There are a number of Renoirs in the permanent collection, including this one, which struck me for the first time as something of an inside joke for artists: Here is this gal, dressed to the nines to sit in her garden and embroider. 

She’s surrounded by lush, boisterous foliage and blossoms, and what is she making so intently?

A little handkerchief with a little, delicate, stylized floral pattern on it.

I don’t know, I just thought it was funny. Flowers vs. floral. Art! What are we even doing? I don’t know, but we can’t seem to stop. 

Many Renoirs showed women with their fingers working closely together, with something lovely flowing out from between them like a waterfall. 

Women are like that, I guess.

Damien and I both adored all the John Singer Sargents. The Clark has the slightly silly but entirely successful Fumée d’Ambre Gris, which you should be required to study before you can buy white paint. 

and several others. The Portrait of Carolus Duran really grabbed us.
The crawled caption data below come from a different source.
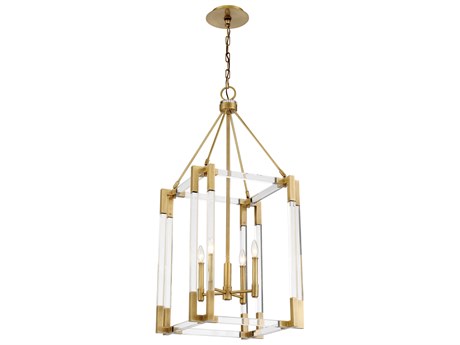 Metropolitan Prima Vista 4-Light Aged Antique Brass Pendant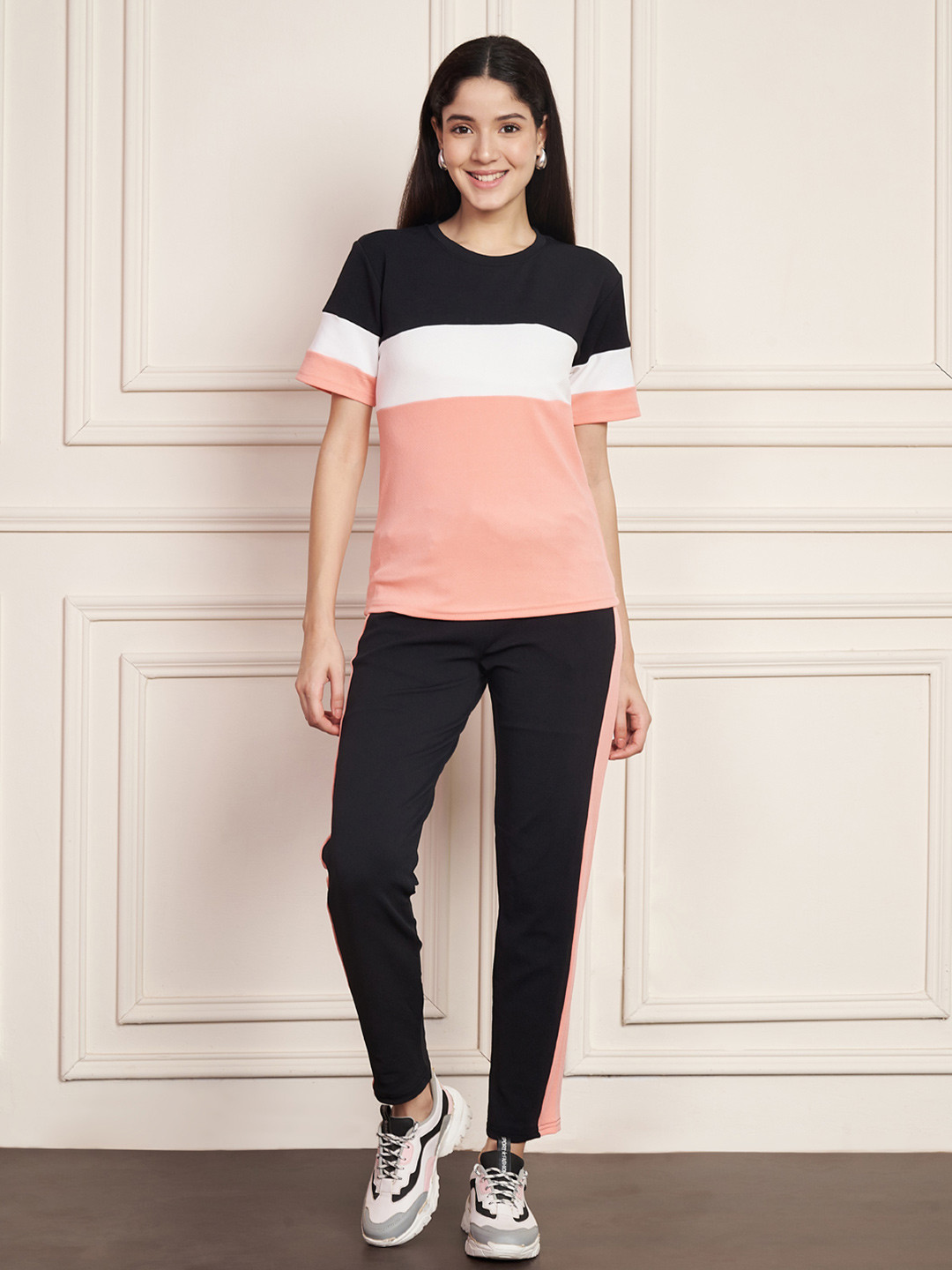 Moda Rapido Women Peach Polyester Tracksuits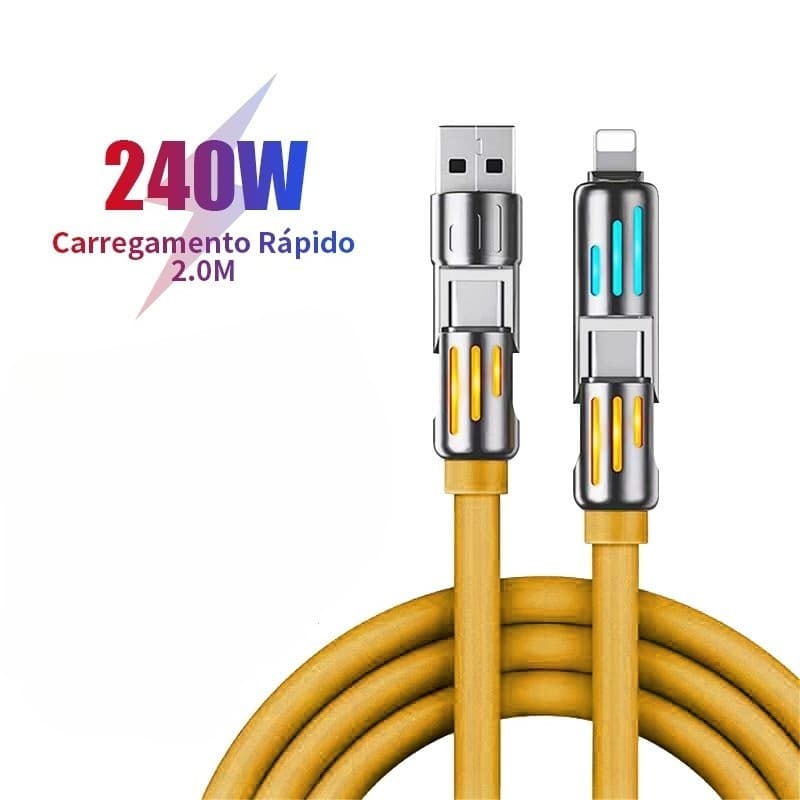 Cabo Carregador 4 Em 1 Compatível Com IP USB Type C Redondo De Carga Rápida 240W 1 0M Design Sem Emaranhados Entrega De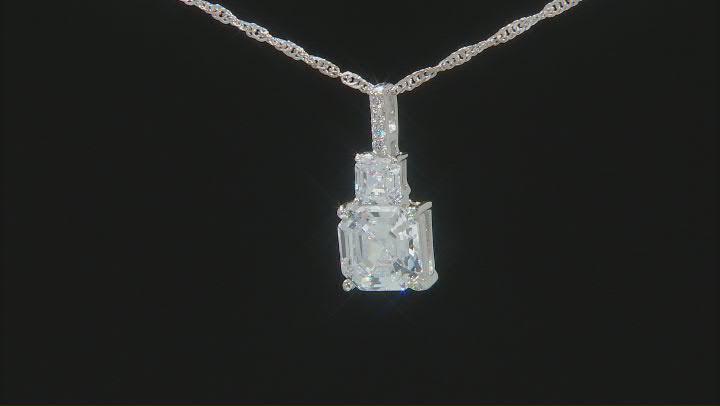 White Cubic Zirconia Asscher Cut Platinum Over Sterling Silver Pendant With Chain 6.87ctw Video Thumbnail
You want to use words like “deft” and “confident” with John Singer Sargent, but that’s so inadequate. Check out these hands and cuffs:

Look at those shadows! Look at that ring! And you know these are just little phone pictures. You really need to see it.

Same thing with the portrait of Mme. Paul Escudier.
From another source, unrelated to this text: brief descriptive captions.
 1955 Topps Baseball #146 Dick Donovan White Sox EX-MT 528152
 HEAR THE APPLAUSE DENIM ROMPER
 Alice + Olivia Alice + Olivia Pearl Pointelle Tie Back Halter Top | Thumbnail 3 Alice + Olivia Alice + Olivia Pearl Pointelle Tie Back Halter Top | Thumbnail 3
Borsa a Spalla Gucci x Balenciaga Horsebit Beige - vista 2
You could almost get a paper cut on the edge of that ribbon plopped on top of her head, but then you get really close and what do you know? It’s just paint. I don’t know how he did it, except that he believed in himself! Ha.

We kept coming back to A Venetian Interior.
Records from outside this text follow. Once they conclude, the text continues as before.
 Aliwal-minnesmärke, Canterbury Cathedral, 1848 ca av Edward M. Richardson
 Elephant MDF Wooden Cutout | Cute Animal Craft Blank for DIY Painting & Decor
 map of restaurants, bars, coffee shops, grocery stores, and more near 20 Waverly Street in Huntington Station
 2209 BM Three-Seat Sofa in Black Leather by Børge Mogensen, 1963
This is where I want to find and murder the guy who recently suggested that museums are obsolete, since we now have digital photos of all art and can just go look at it whenever we want. You have to see it in person. We both felt very strongly that that one streak of yellow wasn’t actually paint, but was actual light, and it’s probably why he decided to paint this scene.

They also have several Winslow Homers, which is always a treat. Wear a jacket, because some of them are brisk. 

Speaking of brisk, I think some people sneer a little over Frederick Remington, because it’s American White House horsey art. Maybe I’m making that up. Anyway, check out this shadow of a horse on the snow in the moonlight, and then get back to me:

This is from “Friends or Foe?”

A few other random things that caught my eye:

This fond, doting Mary from the Netherlands:

This is from Virgin and Child with Saints Elizabeth and John the Baptist. Quinten Massys, 1520. 

And these terrible children with a cat who has just about had enough:

And that’s why this cat lives at the P.O.

One final note: They had another special exhibit downstairs: Ida O’Keeffe, the lesser-known sister of Georgia O’Keeffe. Apparently there were three artistic O’Keeffe sisters, and when the other two started showing some inclination toward art, Georgia swatted them down pretty savagely, because you can only have one Artist per family. One sister meekly abandoned her ambitions, but Ida struggled to make her own name; so Gerogia cut her off. Sheesh!

So before we went into the gallery, I mentioned to Damien that Ida wanted some way to set herself apart from the more famous Georgia and her famous . . . flowers. He says, “Well, that’s easy. All she had to do was paint penises, instead.” I snickered, but you know what? We walked into the room, and this is what Ida did:

Talk about a “mad instead.” (She also painted some banana plants.)

Anyway, go see a art! Cut yourself some slack, let your mouth hang open like a yokel, and just see what there is to see. Don’t forget to laugh at the funny ones.

You can probably skip the museum cafe, though. That really is there just to impress you and make you feel like you can’t complain when it’s terrible; but nobody in the world needs to pay $16 for a microwaved grilled cheese, even if it is called “croque monsieur.”